Kafa karışıklığı da sosyo-politik yaşamımızın temel öğelerinden birisidir... Baksanıza... Ana muhalefet partisinin lideri bile "Vatana ihanet"in tanımını yapmaya çalışırken "Asıl ihanet 1.5 milyon Suriyeli mülteciyi almaktır" doğrultusunda bir şeyler söylemiş. Ancak kafa karışıklığı sade bize özgü bir durum değil. Almanya PKK'ya silah yardımı yapmayı düşündüğüne göre, bu kafa karışıklığı evrensel bir olgu...
Tarihi yanılgılar
Ya Amerika'nın Suriye'deki tabloya bakış açısındaki kafa karışıklığına ne demeli?
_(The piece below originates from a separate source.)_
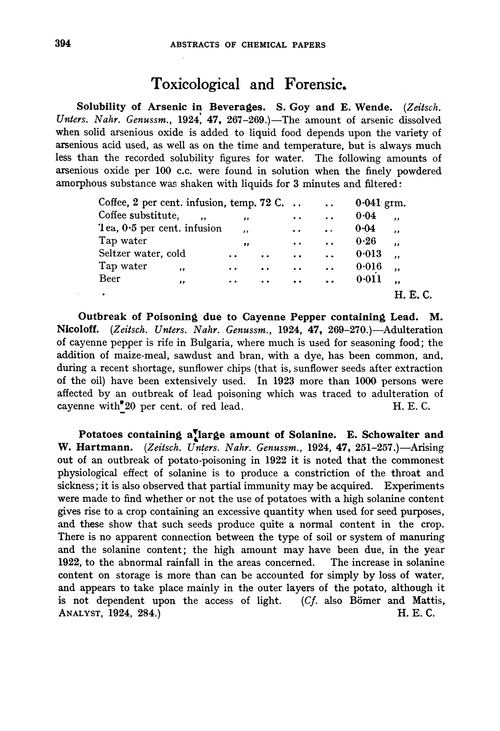Toxicological and forensic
Esad'ın katliamlarına "Halkını sakın zehirli gazla öldürme, normal bombalarla öldür" diyerek yeşil ışık yaktılar... Şimdi de bu aymazlıkların sonucu olan IŞİD'i normal bombalarla yok edebileceklerini sanıyorlar...
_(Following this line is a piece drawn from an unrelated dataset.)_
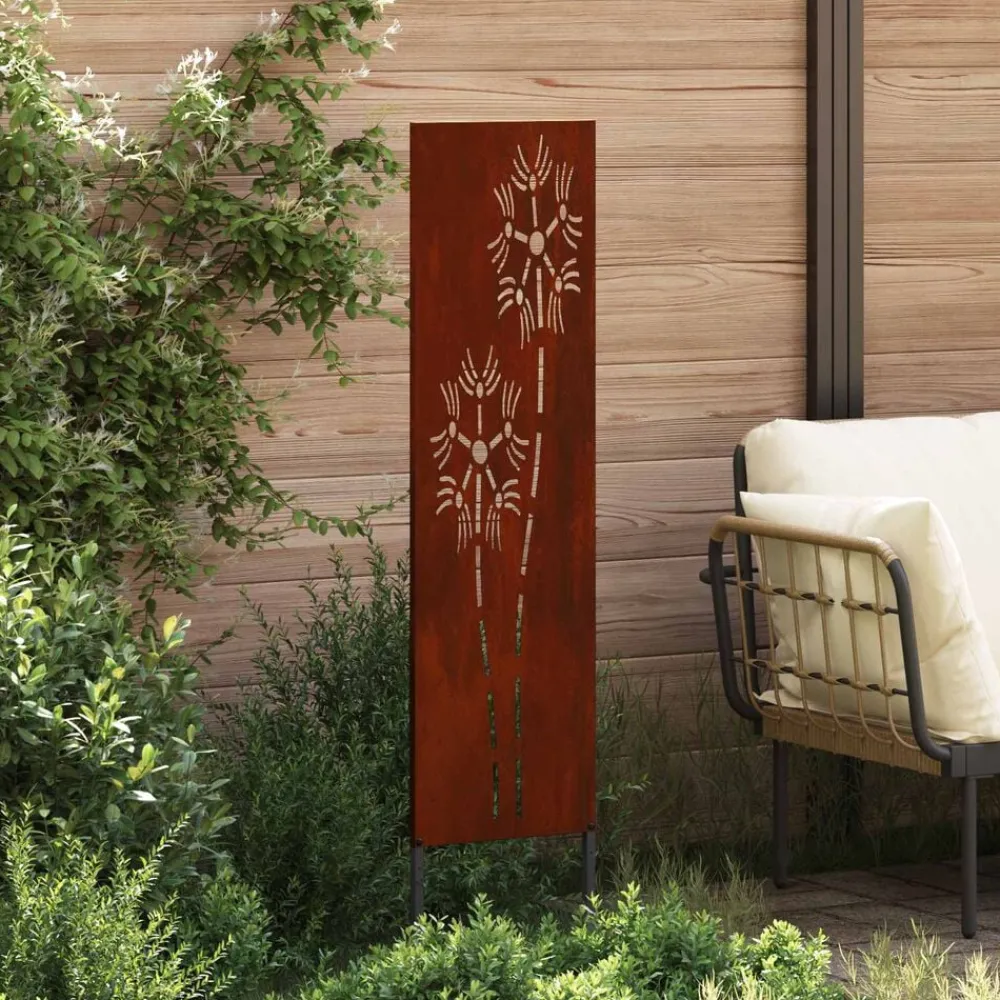 vidaXL Écran de confidentialité de jardin Fretwork Rouillé 32 x 140 cm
Kafası karışık olanlar kafalarındaki karışıklıkları, bütün ihtimalleri deneyerek gidereceklerini sanırlar.
Nasrettin Hoca'nın kafası da "Çalı çırpı yaşken de, kuru olduğu zamandaki gibi yanar mı" sorusuna takılı karışıklık içindeymiş. Bir gün eşeğine yüklediği yaş çalı çırpıyı evine taşırken, kafasındaki soruya cevap bulmak için, çakmağını çakar ve eşeğin yükünü tutuşturur. Sırtındaki çalı çırpı alev alınca, zavallı eşek anıra anıra koşmaya başlar. Hoca şöyle bir bakar eşeğine... Sonra "Aklın varsa göle doğru koş" diye bağırır...
Çağdaş hocalar
Çağdaş Nasrettin Hocalar da "Kobani'yi protesto etmek için sokağa çıkın" diye çağrı yaptıkları kalabalıkların Türk kentlerinde şiddete ve cinayete yönelmeleri üzerine bu tablonun sorumlusu olarak suçlanınca "Kendi yazdığınız kitaplardaki derinlikte boğulmak üzeresiniz" diyerek barışı ve diyalogu savunanları suçlamıyorlar mı?
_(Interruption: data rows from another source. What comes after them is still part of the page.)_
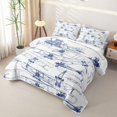 thumbnail image 3 of Erosebridal Navy Antique Biplane Twin Quilt Set for Boys Men, Cartoon Vehicle Print Twin Coverlet Set, 2 Pieces, 3 of 7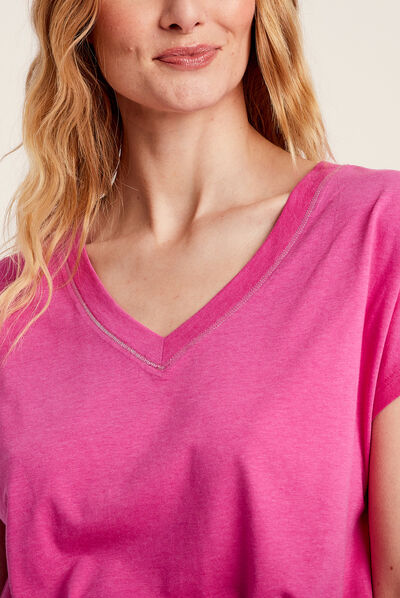 T-shirt manches courtes rose fushia femme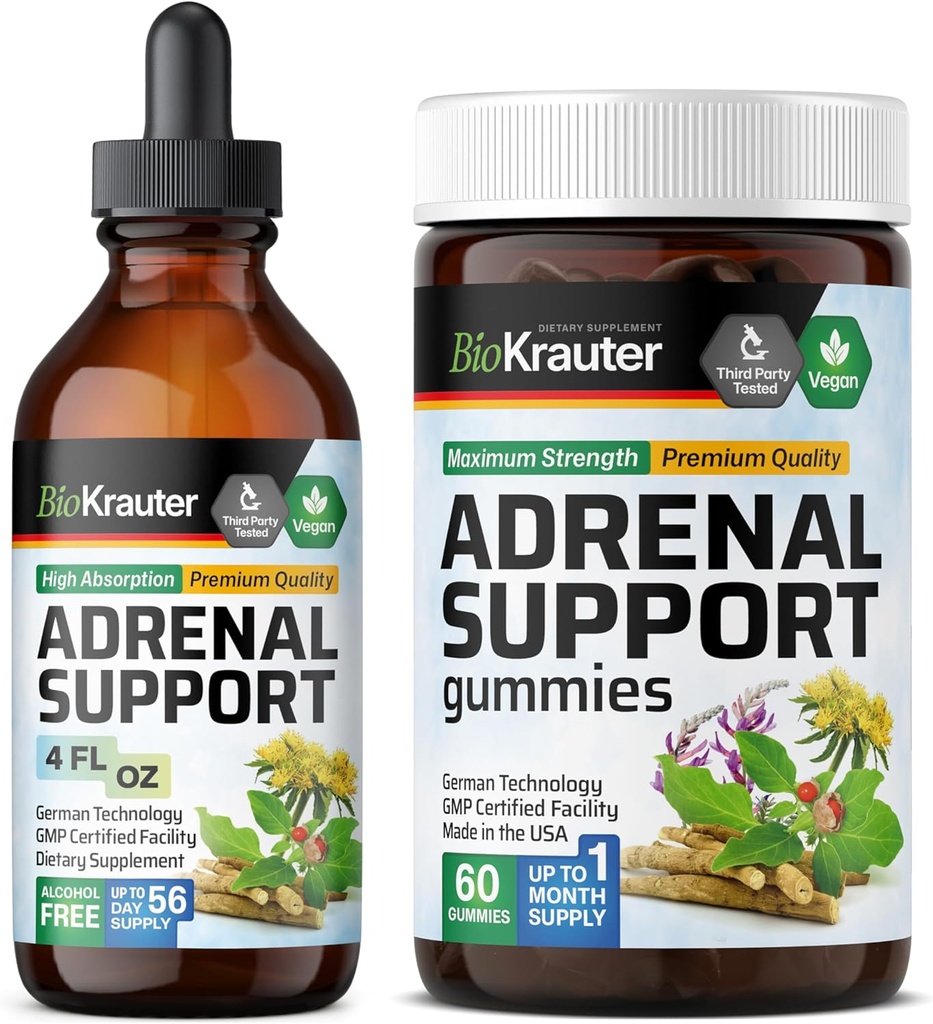 BIO KRAUTER Wsparcie nadnerczy 60 Gummies & Wsparcie nadnerczy Tincture 4 Fl. Oz.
Akıl hastanesinin duvarında oturan deliye, yoldan geçen bir adam "Siz içeride kaç kişisiniz" diye sorunca deli gülmüş ve "Asıl siz dışarıda kaç kişisiniz" sorusu ile cevap vermiş ya...
Kısacası "Dışarıdakiler"in sayısı oldukça fazla değil mi?